Danko compares the capsule effort to one that the Marine Corps accomplished while improving the mobility of MRAPs for Afghanistan. The MRAP vehicle was not fit for the rough terrain in Southwest Asia. Industry developed an all-terrain variant, but Marine Corps Commandant Gen. James Conway chose to buy upgraded suspensions for the MRAPs that they already had.

“It was a heck of a lot cheaper to put new suspensions on a lot of our MRAPs than it was to buy a bunch more of the M-ATVs at $430,000 a pop,” says Danko.

The capsule concept could follow suit.

“We’re looking at this potential solution as costing less than $100,000 a copy. We think that might be a good deal,” says Danko.

The capsule concept retains the physical characteristics of the current humvee. “The transportability issue is huge for us. To be able to have about the same weight of a humvee and to have this capsule on there would be awesome,” says Danko.
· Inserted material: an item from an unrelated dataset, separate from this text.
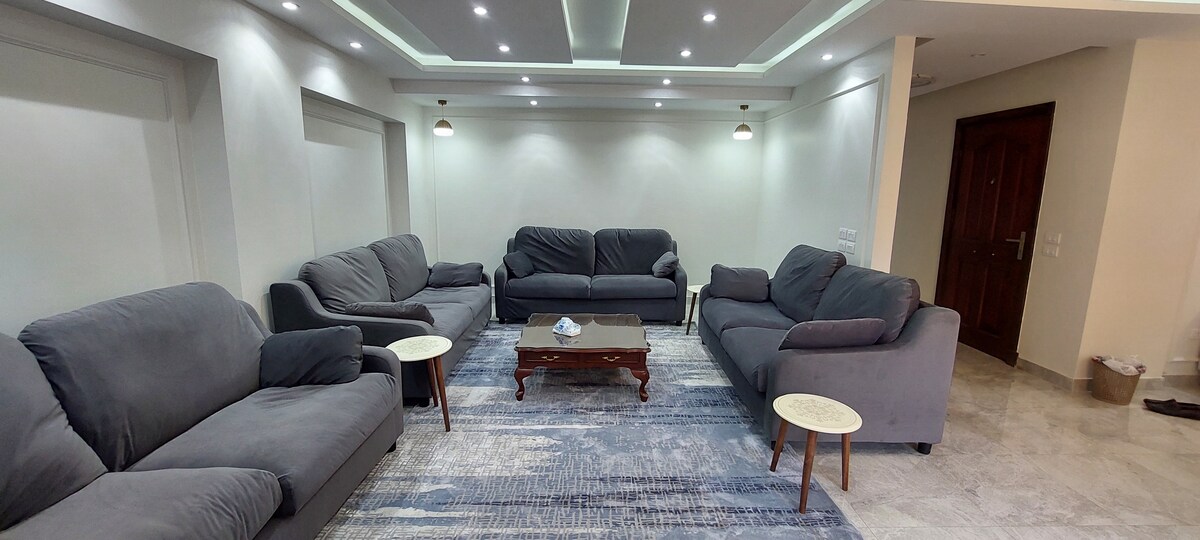 A spacious living area is furnished with multiple gray sofas arranged around a central wooden coffee table. A subtle area rug adds a soft touch, while recessed lighting enhances the bright and open atmosphere.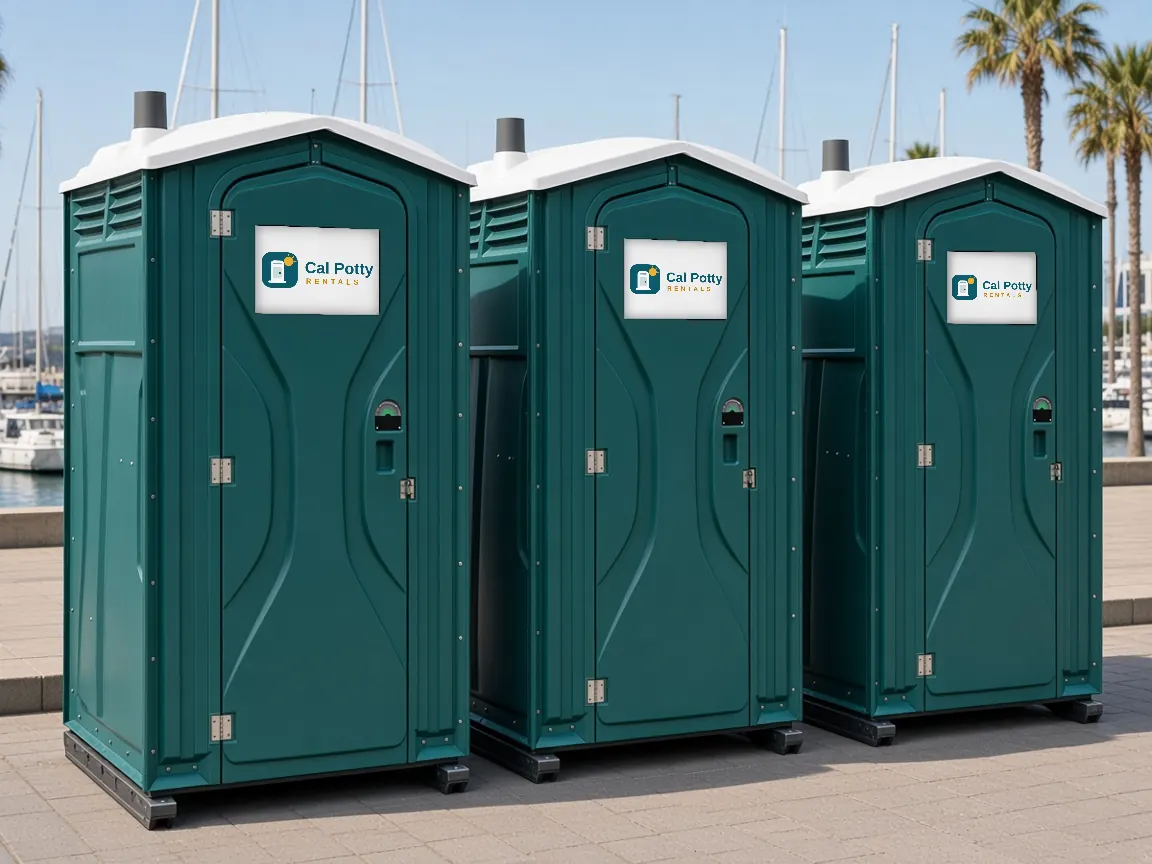 Three teal portable toilets on a waterfront promenade with sailboats behind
“If I’ve got 30 humvees on an amphibious ship, I can probably get 30 of these on an amphib too,” says Jaworski.

If the test results are positive, the earliest the Marine Corps could put money behind a recap effort would be in fiscal year 2014, says Danko. But if commanders in Afghanistan demanded faster results, the Corps could potentially speed up the process and have initial vehicles driving off the production line as early as next year, he adds.

Though the capsule has been tested on a number of humvee frames, the Corps would probably have to place it on the newer expanded-capacity vehicles because they already have the upgraded suspensions, transmissions and other advanced components. “We would want the capsule to be on our most capable vehicles,” says Danko.

The Army is keeping tabs on the trials. “We think that the work that the Marine Corps has done with the capsule concept is absolutely consistent with where we intend to take the competitive recap program,” says Bassett, the Army’s tactical vehicles project manager. “We’re encouraged by those kind of developments because it helps inform our understanding of what’s possible on these vehicles.”

Danko says, “Hopefully at the end of the day, both the Army and Marine Corps will go down the same line for a potential solution.”